Goal of the exercise →
Using the records below, return exactly the lines from the one containing "BMW X1 2.0 20i" through the last, and omit pictures.

Records excerpted from a collection:
*** Begin section ***
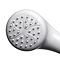 Croydex Bath and Shampoo Spray Shower Hose - White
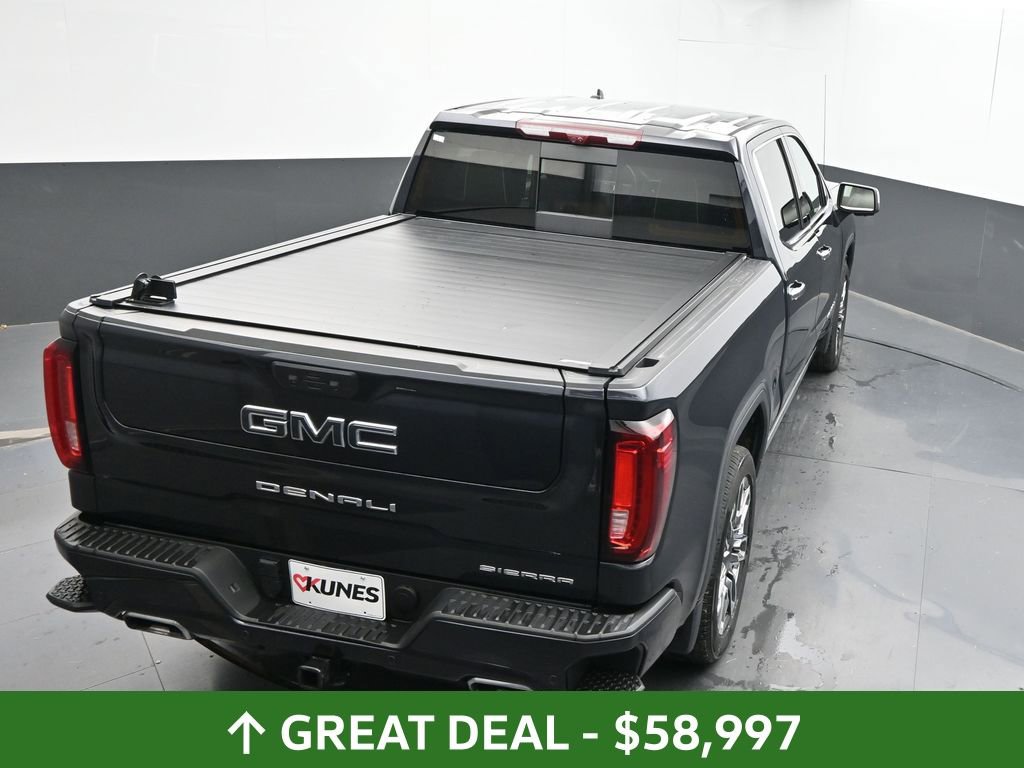 Used 2024 GMC Sierra 1500 Denali Ultimate image 39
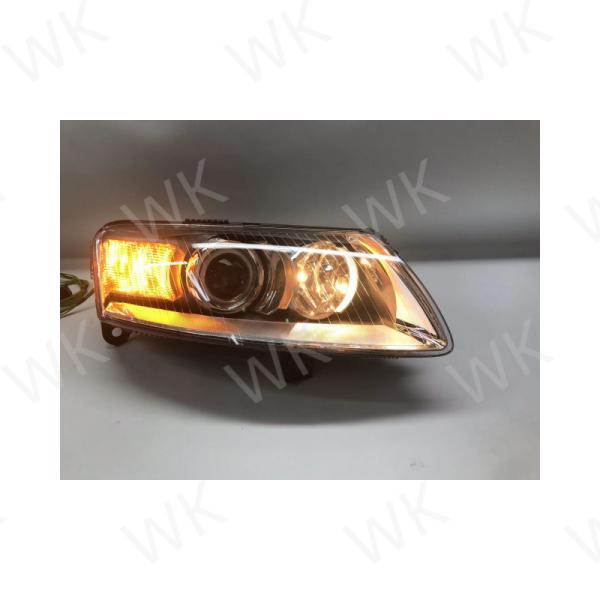 Direct Replacement Audi A6 Front Headlight 2006-2011 A6C6 Xenon To LED Audi A6 C6 Headlight 35W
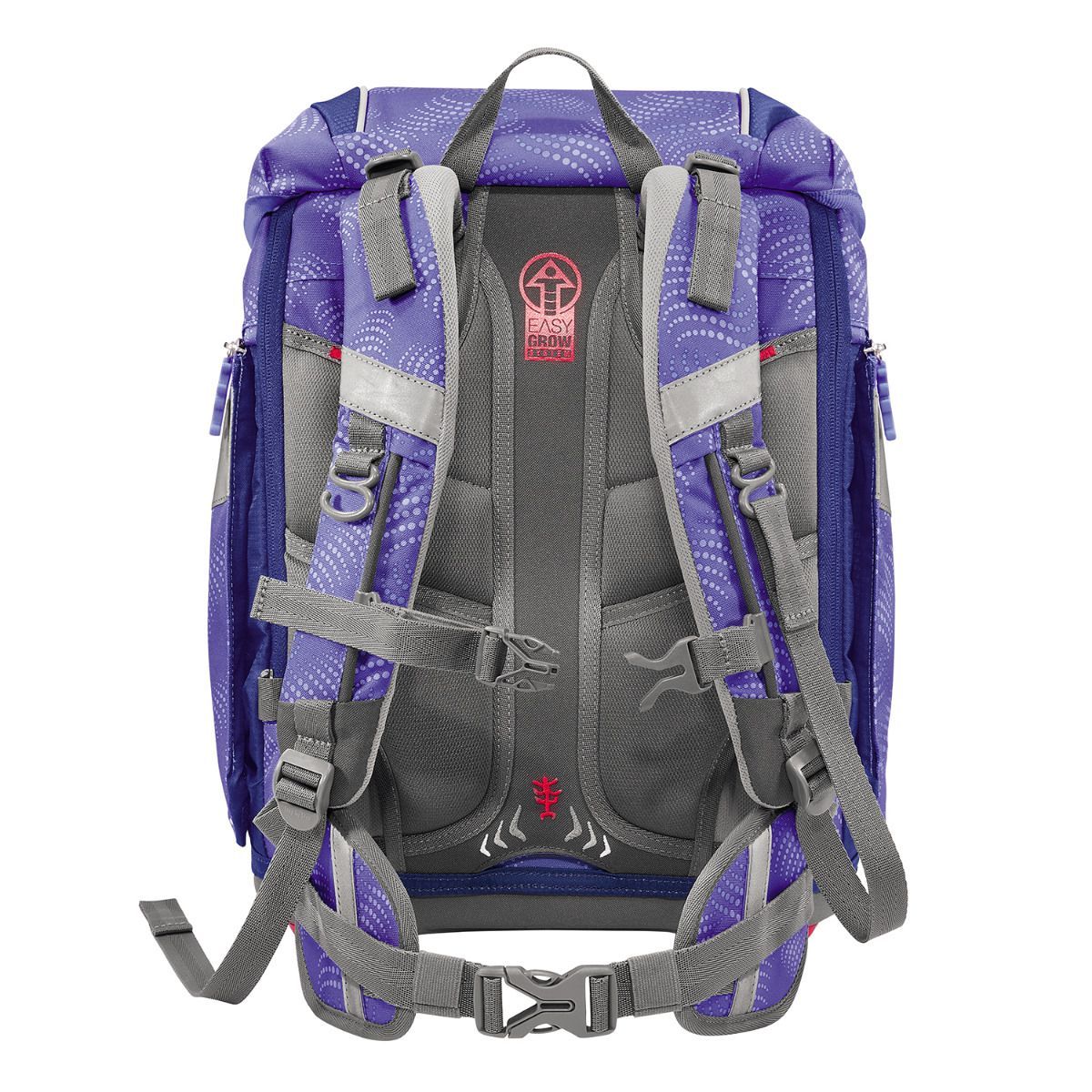 Step by Step 2in1 Plus Ice Princess Schulranzen Set 6tlg.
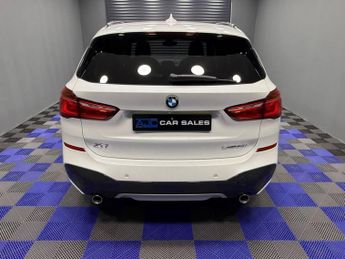 BMW X1 2.0 20i GPF M Sport SUV 5dr Petrol DCT sDrive Euro 6 (s/s) (192 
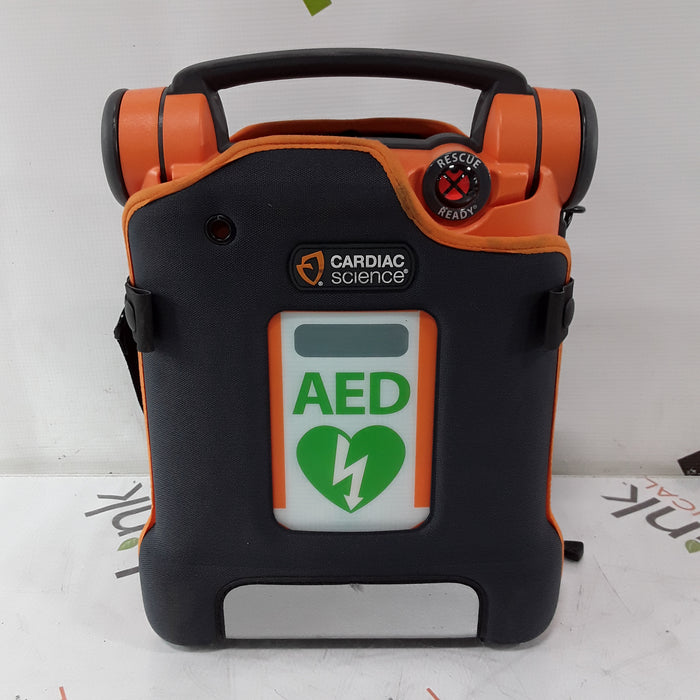 Cardiac Science Cardiac Science POWERHEART G5A-80P1 AED Defibrillators reLink Medical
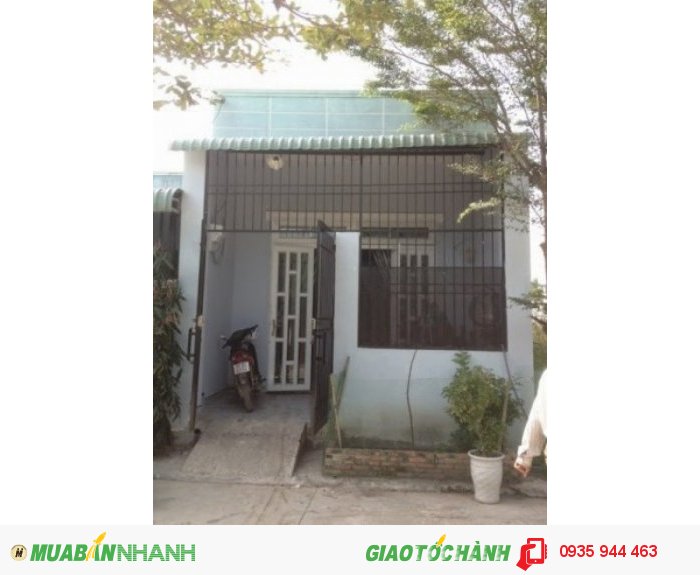 Cần bán nhà cấp 4 Phan Văn Hớn, Hóc Môn, 64m2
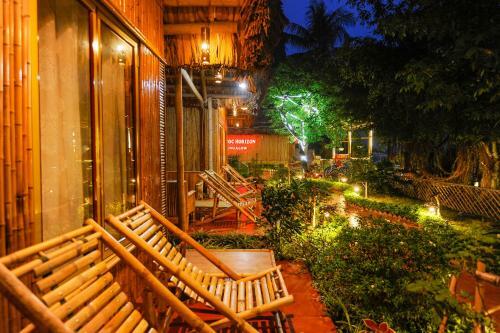 Lodge Tam Coc Horizon Bungalow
*** End section ***
Solution for this exercise →
 BMW X1 2.0 20i GPF M Sport SUV 5dr Petrol DCT sDrive Euro 6 (s/s) (192 
 Cardiac Science Cardiac Science POWERHEART G5A-80P1 AED Defibrillators reLink Medical
 Cần bán nhà cấp 4 Phan Văn Hớn, Hóc Môn, 64m2
 Lodge Tam Coc Horizon Bungalow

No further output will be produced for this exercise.